What is the Flow DSL?#

The Flow DSL is a restricted subset of Python for describing how actors are connected. You write a function that looks like ordinary sequential Python code. The compiler transforms it into a network of router actors that steer messages through your pipeline at runtime.

@flow
def review_pipeline(p: dict) -> dict:
    p = classify(p)

    if p["category"] == "urgent":
        p = escalate(p)
    else:
        p = standard_review(p)

    try:
        p = notify(p)
    except ConnectionError:
        p = fallback_notify(p)

    return p

This compiles into router actors that handle sequencing, branching, error routing, and merging. You deploy the routers alongside your handler actors and Asya runs the pipeline.

Flow DSL vs Actor handlers#

A flow and an actor handler both have a dict -> dict signature, but they are fundamentally different:

Flow DSL Actor handler
Purpose Describes routing between actors Executes business logic
Runs as Compiled to router actors (CPS) Deployed as a pod with sidecar
Allowed Control flow only: if, while, try/except, break, continue, return Full Python: imports, classes, I/O, yields, FLY events
Forbidden yield, for, free variables, imports, side effects N/A — full Python
State Single p variable (the payload dict) Can use yield "GET", yield "SET", state proxy
Errors try/except compiles to resiliency rules in manifests Errors bubble to sidecar for policy dispatch

The Flow DSL is pure control flow — it describes the shape of the pipeline. All computation happens in actor handlers. Think of it as a wiring diagram: the flow says "connect A to B, branch on condition C, retry on error D"; the actors do the actual work.

What flows support#

Construct Example Compiles to
Actor calls p = handler(p) Route entry in route.next
Payload mutations p["key"] = "value" Inline code in router function
Conditionals if p["x"]: ... else: ... Conditional router with branch routing
While loops while p["n"] < 3: ... Loop-back router with self-reference
Break / continue break, continue Exit / restart loop via route overwrite
Early return return p Clear route.next → x-sink
Try/except/finally try: ... except E: ... Except router + resiliency policies and rules in manifests
Raise (in except) raise Terminate flow (route to x-sink)
Fan-out p["r"] = [a(x) for x in items] Fan-out router + fan-in aggregator
Flow composition @flow sub-functions Inlined at compile time
Context managers with timeout(30): ... Config extraction (via compiler rules)

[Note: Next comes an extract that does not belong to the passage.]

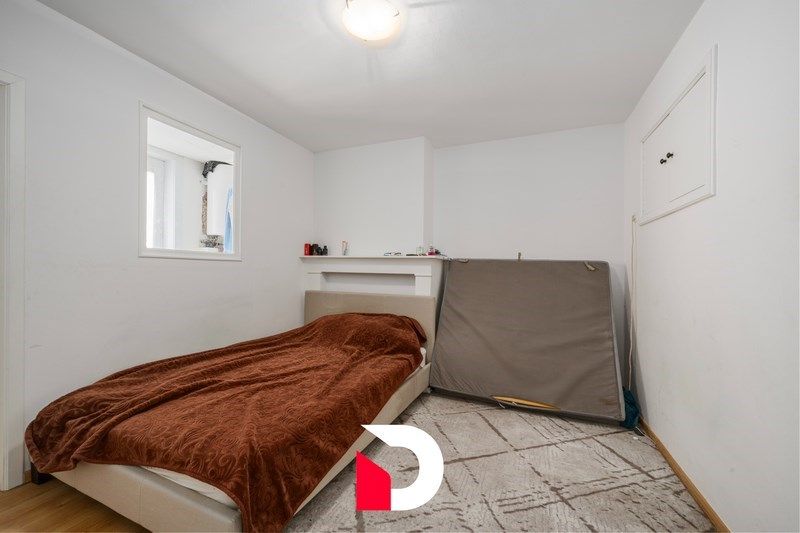 Eclectische burgerwoning op de rand van de historische stadskern foto 11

What flows do NOT support#

Construct Why Alternative
for x in items: Replaced by fan-out comprehensions p["r"] = [actor(x) for x in items]
yield / yield from Flows are not generators Use yields inside actor handlers
import / global Flows are pure control flow Put logic in actor handlers
Free variables Only p is allowed Pass data via p["key"]
result = a(b(p)) Nested calls Assign sequentially: p = b(p); p = a(p)
except E as e: No exception binding Error details in status.error (read via ABI)
try: ... else: Not supported Use a separate if after the try block
Side effects (print) Not a control flow construct Put in actor handlers

There is no AsyncFlow CRD. A flow is a group of AsyncActor resources linked by the asya.sh/flow label. The compiler sets this label (along with asya.sh/role to distinguish start, end, router, and actor roles) on every generated manifest. Query all actors in a flow with kubectl get asya -l asya.sh/flow=<name>. The actor remains the single Kubernetes primitive — flows are a labeling convention on top of it.

Writing flows#

Function signature#

A flow is a single Python function with a dict parameter and dict return type:

async def my_flow(state: dict) -> dict:
    # ... pipeline logic ...
    return state

The function can be def (sync) or async def. Async is recommended — it matches the mental model of await as a message hop.

Actor calls#

Call a handler actor by assigning its result back to the state variable:

state = await validate(state)           # function handler
state = await model.predict(state)      # class method handler

Each call compiles to a route entry. The handler function itself is NOT included in the flow file — it's deployed as a separate actor. The name in the flow (validate) is mapped to an actor name at deployment time via environment variables.

Rules: - Must pass the state variable as the only argument - Must assign the result back to the state variable - Class instantiation must use only default arguments

Payload mutations#

Modify payload fields inline:

state["status"] = "processing"
state["count"] += 1
state["metadata"]["source"] = "api"

Mutations compile into router actors that modify the payload before forwarding. Consecutive mutations are batched into a single router.

Conditionals#

Branch on payload values:

if state["type"] == "express":
    state = await express_handler(state)
elif state["type"] == "bulk":
    state["batch_size"] = 100
    state = await bulk_handler(state)
else:
    state = await standard_handler(state)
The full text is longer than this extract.